The Scariest Graph I’ve Seen Recently
by Paul McLellan on 07-01-2012 at 4:00 pm

Everyone knows Moore’s Law: the number of transistors on a chip doubles every couple of years. We can take the process roadmap for Intel, TSMC or GF and pretty much see what the densities we will get will be when 20/22nm, 14nm and 10nm arrive. Yes the numbers are on track.

But I have always pointed out that this is not what drives the semiconductor industry. It is much better to look at Moore’s Law the other way around, namely that the cost of any given functionality implemented in semiconductors halves every couple of years. It is this which has meant that you can buy (or even your kid can buy) a 3D graphics console that contains graphics way beyond what would have cost you millions of dollars 20 years ago in a state of the art flight simulator.

But look at this graph:

This shows the cost for a given piece of functionality (namely a million gates) in the current process generation and looking out to 20nm and 14nm. It is flat (actually perhaps getting worse). This might not matter too much for Intel’s server business since those have such high margins that they can probably live with a price that doesn’t come down as much as it has done historically. And they can make real money by putting more and more onto a chip. But it is terrible for businesses like mobile computing that don’t live on the bleeding edge of the maximum number of transistors on a chip. If you are not filling up your 28nm die and a 20nm die costs just the same (and is much harder to design) why bother? Just design a bigger 28nm die (there may be some power savings but even that is dubious since leakage is typically an increasing challenge).

If this graph remains the case, then Moore’s Law carries on in the technical sense that you can put twice as many transistors on your chip if you can think of something clever to do with them and can find a way to keep enough of them powered on. But it means there is no longer an economic driver to move to a new process unless you have run out of space on the old one.

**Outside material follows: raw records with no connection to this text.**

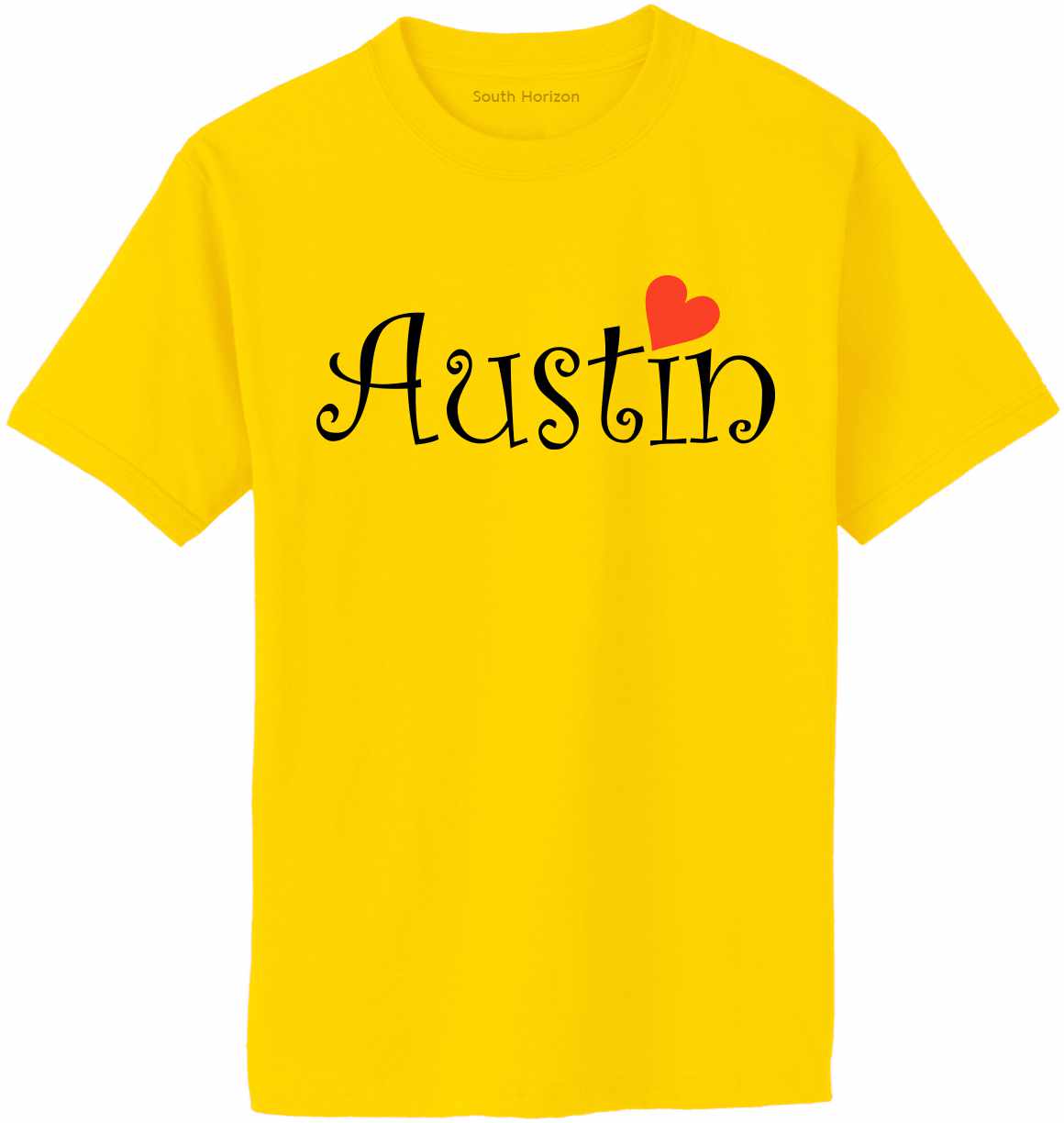 Austin City on Adult T-Shirt (#1338-1)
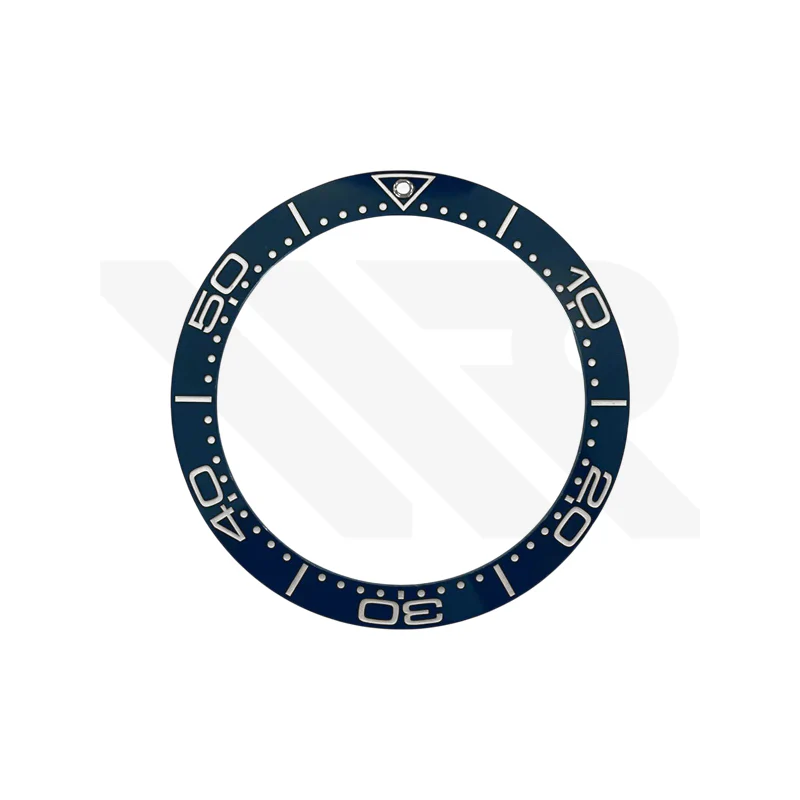 Replacement Ceramic Bezel Insert Compatible with Omega SM300 42mm : Blue/White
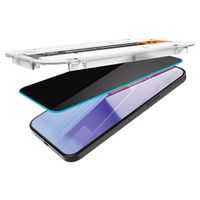 Spigen EZ Fit GLAS.tR mit Installation Tray - Privacy Glass - 1er Pack Apple iPhone 15 Pro Max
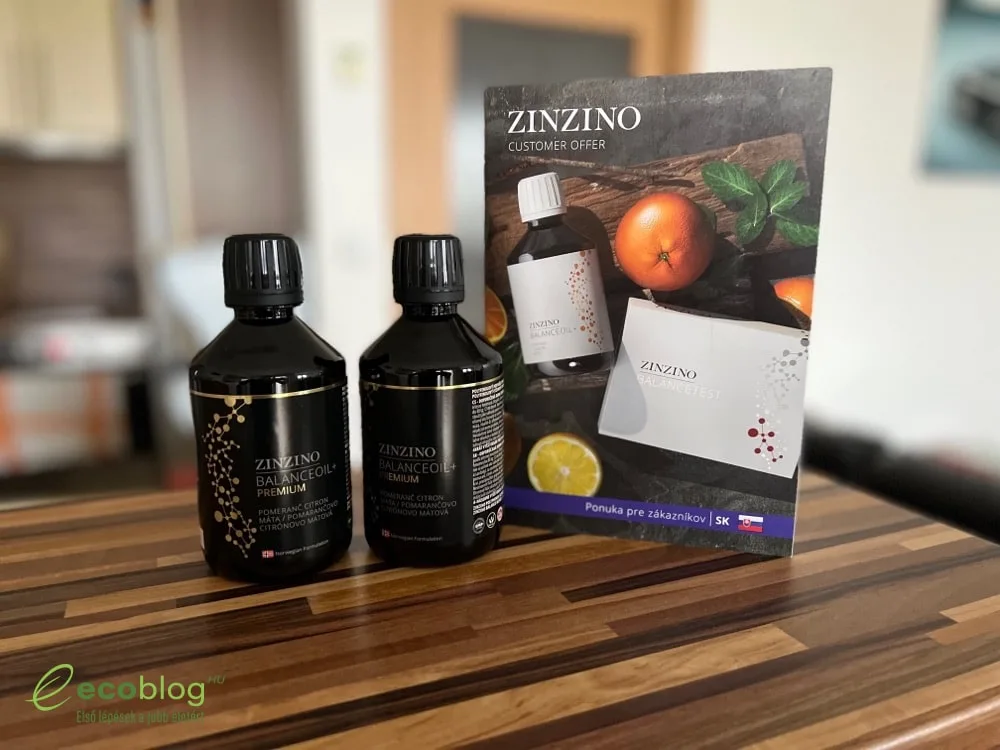 Flexity Zinzino Balance Oil+ Premium olaj a teszthez előkészítve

Since EDA mostly makes money on designs in new processes (because they need new tools which can be sold at a premium) this is bad for EDA. It actually doesn’t make money on the first few designs coming through a new process because there is so much corresponding engineering to be done. But if the mainstream never moves, the cash-cow aspect of selling EDA tools to the mainstream won’t happen. And just like there is no business selling “microprocessor design tools” since there are too few groups who would buy them and their needs are too different, there might never be a big enough market for “14nm design tools” to justify the investment.

So that’s why this is the scariest graph in EDA.